Семья принимает дорогого гостя, майора части, в которой служит их сын. В каждом шаге и жесте майора всплывает уродство войны. В каждом шаге Лайоша Тота – страх человека, войны не видавшего. Не дышать, не курить, не смотреть в глаза, не спать, не зевать, не отдыхать и не думать – вот лишь некоторые из пожеланий майора:
« В темной комнате малейший звук кажется во много раз громче. Точно так же обстоит и с бездельем: оно действует на весь организм, как темнота — на органы слуха. Уси¬ливает внутренние шумы, вызывает миражи в поле зрения и звон в мозгу. Когда моим солдатам случается сидеть без дела, я всегда заставляю их отрезать и снова пришивать пуговицы к штанам. Это возвращает им душевное равновесие».
Так день за днем жизнь становится невыносимее, но и это можно стерпеть ради любимого сына. Можно всю жизнь задаваться вопросом, что сделало из майора столь точную маленькую копию тирана, и что же в действительности заставляло Тота так долго это терпеть: любовь, страх, давление близких? В итоге его внутренний Сизиф сдается, покорность отступает на задний план, а на сцену выходят гнев и безумие. Но и здесь Эркень поразительно играет с сюжетом, с одной стороны, он благословляет Тота на убийство, с другой – делает это тогда, когда оно само по себе абсурдно. Что это? Еще большее наказание или наоборот отпущение грехов?

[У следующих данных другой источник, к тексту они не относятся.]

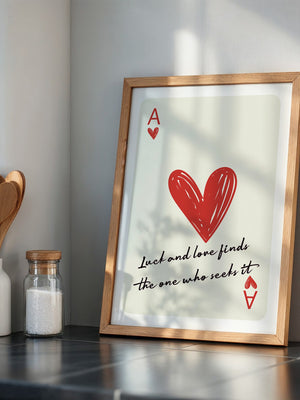 Herz Ass Karte Zeichnung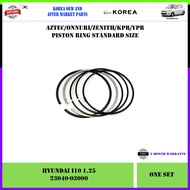 Hyundai I10 1.25 Korea Aftermarket Piston Ring Set Standard Size (23040-03000)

В течение жизни человек находится под некоторыми ментальными приоритетами, в кругу господствующих идей, которые могут в разном возрасте меняться, но могут и остаться неизменными, будучи приобретены в результате какого-то поразительного события, повлекшего за собой внутренние открытия. Для Эркеня таким крупнейшим, судьбоносным событием стала война и советский плен. Вся абсурдность «Семьи Тотов» корнями уходит в лагерную жизнь, где каждый шаг, каждый вздох – пытка и лишение воли. В некотором смысле Лайош Тот – собирательный образ народа, который вынужден воевать, не видя причин и цели.
«Если верно, что жизнь наша колеблется между надеждой и безнадежностью, тогда и само существование не абсурдно, оно лишь может стать таковым в определенных ситуациях, в определенные периоды и моменты. Когда приходится действовать без всякой надежды на успех, то и действие становится абсурдным. Я придерживаюсь мнения — и Тоты служат тому примером, — что единственный выход для человека — это поступок». Все мы немного безвольны, и старик Тот живет в каждом из нас, остается лишь верить, что не на подмостках абсурда, а в реальной жизни выход окажется чуть менее кровавым и ветер свободы и смелости подует чуть более вовремя.
«Кошки-мышки» и «Семья Тотов» в 60-е годы прошлого века вернули Эркеня к жизни, вызволив из пропасти молчания и сделав в одночасье классиком венгерской литературы. В Союзе обе пьесы были в репертуаре десятков театров, сейчас историю любви Эржи Орбан можно увидеть в МХТ им. А.П. Чехова, а трагическую судьбу семьи Тотов – в МОДТ им. А. Н. Островского. Несмотря на сорокалетний успех, пьесы эти до недавнего времени так и не вышли отдельным изданием, пока московский «КомпасГид» не сделал Эркеню, пожалуй, лучший подарок к столетию – новую жизнь для его пьес.
Люди делятся на все категории – те, кто не читал Эркеня и те, кто не могут без него жить. Пожалуй, с выходом этой книги счет будет в нашу пользу.